Ling Jingpeng asintió y salió. Al oír el nombre “Gengniu”, Ling Wen, que estaba junto a la cama, se movió inmediatamente frente a Ling Jingxuan. Sus ojos negros lo miraban fijamente y su rostro se oscureció. Ling Jingxuan sintió que se le contraía la comisura de los labios y el corazón le dio un salto. Luego miró a Yan Shengrui, pidiendo ayuda con la mirada. ¡Cómo pudo olvidarlo!
“Papá, tú…”
“Xiaowen, ¿tienes un minuto? Tengo algo que decirte.”
¡Ahí venía! En cuanto Ling Wen abrió la boca, el siempre imponente Ling Jingxuan encogió el cuello, pero al segundo siguiente se escuchó la voz de Yan Shengrui. Ling Jingxuan se dio una palmada dramáticamente en el pecho y suspiró aliviado. Ling Wen giró hacia Yan Shengrui, frunciendo el ceño.
“¿Qué pasa? Primero tengo que hablar con papá.”
Sí, y tenía mucho que decir. Esa mañana, el tío Jingpeng había llevado gente a medir más de doscientas mu de tierra, y él pudo pasarlo por alto. Pero luego el tío Zhao trajo a unos desconocidos, diciendo que eran sirvientes que papá había comprado al Fiador Liu, ¡y casi explotó de la rabia! Lo único que no hizo, aunque quería, fue devolverlos al pueblo de inmediato. Sabía que su papá gastaba dinero sin medida, ¡pero nunca imaginó que llegaría al extremo de comprar sirvientes! ¡Eso era intolerable! ¡Muy serio! ¡Tenía que hablar con papá de inmediato!
“Es algo muy importante. Vamos afuera primero.”
Yan Shengrui lo levantó en brazos, sin importarle si estaba de acuerdo o no. Antes de irse, aún tuvo tiempo de lanzarle una mirada a Ling Jingxuan, recordándole que le debía una grande.
“Oh…”
Al ver cómo la figura de padre e hijo desaparecía de su vista, Ling Jingxuan soltó un largo suspiro. Todos los presentes no pudieron evitar reír. ¿Quién le mandó comprar sirvientes? ¿Para qué una familia campesina necesita sirvientes? ¡Se lo había buscado!
“Ten cuidado, papá. Mi hermano mayor está muy enojado esta vez. Te meterás en problemas cuando vuelva.”
El pequeño bollo se rió entre dientes, cubriéndose la boca. Incluso él pensaba que su papá había cometido un gran error. Era cierto que ahora tenían dinero, ¡pero eso no significaba que tuvieran que comprar sirvientes! ¡Ellos mismos ni siquiera tenían suficientes habitaciones donde dormir!
“Pequeño desalmado, ¿así me pagas por tratarte bien? Anda, anda, vete a jugar. Tengo que hablar con tu segundo tío.”
Le dio un golpecito en la cabeza con el dedo, fingiendo enojo. Luego, lanzando una mirada a Ling Jinghan, se levantó y le dijo a la anciana:
“Abuela, quédese con mamá. Hablaremos luego.”
“Oh, está bien. Vayan. Estoy bien.”
La anciana, una típica mujer campesina igual que Lady Wang, los quería profundamente. Ling Jingxuan sonrió y salió junto con Ling Jinghan.

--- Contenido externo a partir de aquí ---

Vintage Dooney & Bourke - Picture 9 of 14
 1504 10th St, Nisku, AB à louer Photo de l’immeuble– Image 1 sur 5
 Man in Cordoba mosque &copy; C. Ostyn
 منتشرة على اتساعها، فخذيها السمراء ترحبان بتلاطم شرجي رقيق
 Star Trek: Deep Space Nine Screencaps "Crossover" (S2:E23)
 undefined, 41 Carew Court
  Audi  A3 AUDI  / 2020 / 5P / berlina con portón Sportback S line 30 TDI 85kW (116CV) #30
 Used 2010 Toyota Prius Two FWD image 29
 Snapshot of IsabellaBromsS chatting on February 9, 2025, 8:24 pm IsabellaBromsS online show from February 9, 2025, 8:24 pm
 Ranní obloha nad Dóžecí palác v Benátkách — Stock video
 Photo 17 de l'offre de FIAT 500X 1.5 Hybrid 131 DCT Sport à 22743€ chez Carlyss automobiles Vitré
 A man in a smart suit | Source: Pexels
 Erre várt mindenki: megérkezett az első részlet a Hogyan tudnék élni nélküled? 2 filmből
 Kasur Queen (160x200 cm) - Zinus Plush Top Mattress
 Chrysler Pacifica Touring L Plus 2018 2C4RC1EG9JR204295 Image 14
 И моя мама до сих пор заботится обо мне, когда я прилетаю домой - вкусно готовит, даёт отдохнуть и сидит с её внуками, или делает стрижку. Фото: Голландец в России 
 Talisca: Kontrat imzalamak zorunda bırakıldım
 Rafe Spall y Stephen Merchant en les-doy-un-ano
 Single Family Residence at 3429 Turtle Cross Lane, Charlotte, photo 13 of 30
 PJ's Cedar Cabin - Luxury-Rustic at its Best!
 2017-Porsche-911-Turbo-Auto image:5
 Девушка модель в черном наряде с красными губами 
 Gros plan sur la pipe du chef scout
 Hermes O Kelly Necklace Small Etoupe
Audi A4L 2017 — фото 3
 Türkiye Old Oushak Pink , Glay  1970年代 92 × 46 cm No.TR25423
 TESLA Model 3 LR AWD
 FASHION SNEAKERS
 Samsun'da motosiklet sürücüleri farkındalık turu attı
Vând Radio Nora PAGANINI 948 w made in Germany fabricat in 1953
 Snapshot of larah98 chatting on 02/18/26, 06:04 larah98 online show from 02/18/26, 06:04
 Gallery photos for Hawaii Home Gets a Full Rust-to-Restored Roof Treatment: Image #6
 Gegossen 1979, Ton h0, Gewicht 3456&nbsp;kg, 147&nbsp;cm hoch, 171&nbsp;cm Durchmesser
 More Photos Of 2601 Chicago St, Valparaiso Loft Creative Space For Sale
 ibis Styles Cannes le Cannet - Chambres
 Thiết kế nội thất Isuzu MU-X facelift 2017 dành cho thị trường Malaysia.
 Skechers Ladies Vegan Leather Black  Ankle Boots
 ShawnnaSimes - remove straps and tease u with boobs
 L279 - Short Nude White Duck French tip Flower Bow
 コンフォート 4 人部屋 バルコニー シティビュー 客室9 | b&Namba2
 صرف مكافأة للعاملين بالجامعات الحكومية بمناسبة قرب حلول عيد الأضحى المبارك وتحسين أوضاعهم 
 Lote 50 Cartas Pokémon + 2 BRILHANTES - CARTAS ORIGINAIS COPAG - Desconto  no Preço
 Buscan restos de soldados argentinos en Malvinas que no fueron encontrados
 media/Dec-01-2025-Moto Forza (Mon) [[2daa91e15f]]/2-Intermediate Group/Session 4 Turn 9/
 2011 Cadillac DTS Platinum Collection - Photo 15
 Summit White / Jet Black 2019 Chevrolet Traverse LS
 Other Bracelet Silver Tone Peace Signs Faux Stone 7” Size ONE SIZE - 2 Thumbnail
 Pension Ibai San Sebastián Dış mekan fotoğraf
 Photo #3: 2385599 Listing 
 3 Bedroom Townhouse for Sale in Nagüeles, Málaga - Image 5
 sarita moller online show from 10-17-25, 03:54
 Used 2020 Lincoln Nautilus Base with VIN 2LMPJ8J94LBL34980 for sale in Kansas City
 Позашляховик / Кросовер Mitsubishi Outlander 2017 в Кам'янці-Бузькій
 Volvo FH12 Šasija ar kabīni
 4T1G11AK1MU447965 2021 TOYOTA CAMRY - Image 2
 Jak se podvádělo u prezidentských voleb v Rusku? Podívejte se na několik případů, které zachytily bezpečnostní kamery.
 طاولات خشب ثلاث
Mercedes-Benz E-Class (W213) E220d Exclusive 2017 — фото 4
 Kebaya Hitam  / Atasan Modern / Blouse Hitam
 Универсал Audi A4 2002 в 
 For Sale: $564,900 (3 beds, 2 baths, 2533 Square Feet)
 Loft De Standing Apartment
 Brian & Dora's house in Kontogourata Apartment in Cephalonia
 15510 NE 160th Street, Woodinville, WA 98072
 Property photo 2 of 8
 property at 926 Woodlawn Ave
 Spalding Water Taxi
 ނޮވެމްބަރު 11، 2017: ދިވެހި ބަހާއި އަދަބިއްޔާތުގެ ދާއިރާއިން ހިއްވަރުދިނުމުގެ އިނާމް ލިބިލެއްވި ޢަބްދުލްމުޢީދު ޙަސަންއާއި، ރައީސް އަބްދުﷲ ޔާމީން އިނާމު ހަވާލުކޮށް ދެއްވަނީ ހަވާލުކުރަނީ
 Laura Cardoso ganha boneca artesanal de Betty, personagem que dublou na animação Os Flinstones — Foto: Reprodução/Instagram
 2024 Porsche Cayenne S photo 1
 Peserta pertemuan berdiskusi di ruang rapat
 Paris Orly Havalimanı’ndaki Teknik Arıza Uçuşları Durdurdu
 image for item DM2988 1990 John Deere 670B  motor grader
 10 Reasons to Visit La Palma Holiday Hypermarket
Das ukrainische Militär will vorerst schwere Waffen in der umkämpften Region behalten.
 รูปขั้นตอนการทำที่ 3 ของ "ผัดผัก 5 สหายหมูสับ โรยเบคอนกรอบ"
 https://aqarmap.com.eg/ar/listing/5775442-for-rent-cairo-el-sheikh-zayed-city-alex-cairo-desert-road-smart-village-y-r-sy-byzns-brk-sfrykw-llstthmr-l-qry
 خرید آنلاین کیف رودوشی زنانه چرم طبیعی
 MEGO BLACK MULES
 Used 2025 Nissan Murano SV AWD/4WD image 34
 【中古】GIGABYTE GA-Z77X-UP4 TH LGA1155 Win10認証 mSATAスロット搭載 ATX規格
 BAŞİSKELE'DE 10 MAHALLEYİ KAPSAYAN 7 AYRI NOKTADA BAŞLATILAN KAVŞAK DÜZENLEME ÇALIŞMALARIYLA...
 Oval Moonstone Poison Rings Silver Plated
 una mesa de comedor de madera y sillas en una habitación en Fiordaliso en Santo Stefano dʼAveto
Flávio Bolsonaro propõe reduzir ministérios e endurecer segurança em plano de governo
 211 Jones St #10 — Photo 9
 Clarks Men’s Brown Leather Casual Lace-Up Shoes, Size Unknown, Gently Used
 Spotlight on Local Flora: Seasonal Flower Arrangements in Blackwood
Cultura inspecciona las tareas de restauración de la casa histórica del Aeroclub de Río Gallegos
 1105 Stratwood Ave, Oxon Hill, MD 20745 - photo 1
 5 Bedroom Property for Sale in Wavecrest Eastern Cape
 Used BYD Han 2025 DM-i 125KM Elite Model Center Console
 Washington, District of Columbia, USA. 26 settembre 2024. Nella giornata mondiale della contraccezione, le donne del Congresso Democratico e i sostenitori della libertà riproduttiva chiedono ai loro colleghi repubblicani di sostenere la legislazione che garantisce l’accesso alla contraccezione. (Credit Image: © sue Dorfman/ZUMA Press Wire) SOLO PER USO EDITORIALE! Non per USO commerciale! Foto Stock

En el sendero no muy lejos de la casa de los Ling, Yan Shengrui y Ling Wen arrastraban sus largas sombras bajo el sol. Ling Wen, que había sido sacado a la fuerza, llevaba el rostro serio. ¡Iba a tener una charla muy importante con su papá!
“Xiaowen, ¿estás molesto porque Jingxuan compró tanta tierra y luego algunos sirvientes sin avisarte?”
De pronto, Yan Shengrui, que iba adelante, se detuvo y se agachó frente a él, con esos profundos ojos en forma de flor de durazno mirándolo fijamente. Ling Wen respondió sin pensar:
“Es cierto que me molestó un poco cuando papá compró tanta tierra. Pero después de que me explicó la inversión y el retorno, lo entendí. Aunque el terreno baldío no es tan fértil como el seco, si lo cultivamos unos años podrá dar granos y otros alimentos. Así que eso no me importa. Pero… ¿cómo pudo comprar sirvientes? Una familia de aldea como la nuestra, ¿cómo vamos a dejar que otros nos sirvan? ¡Los extraños pensarán que somos ricos! ¡Y justo ahora que nuestras vidas mejoran! ¡Papá es demasiado derrochador!”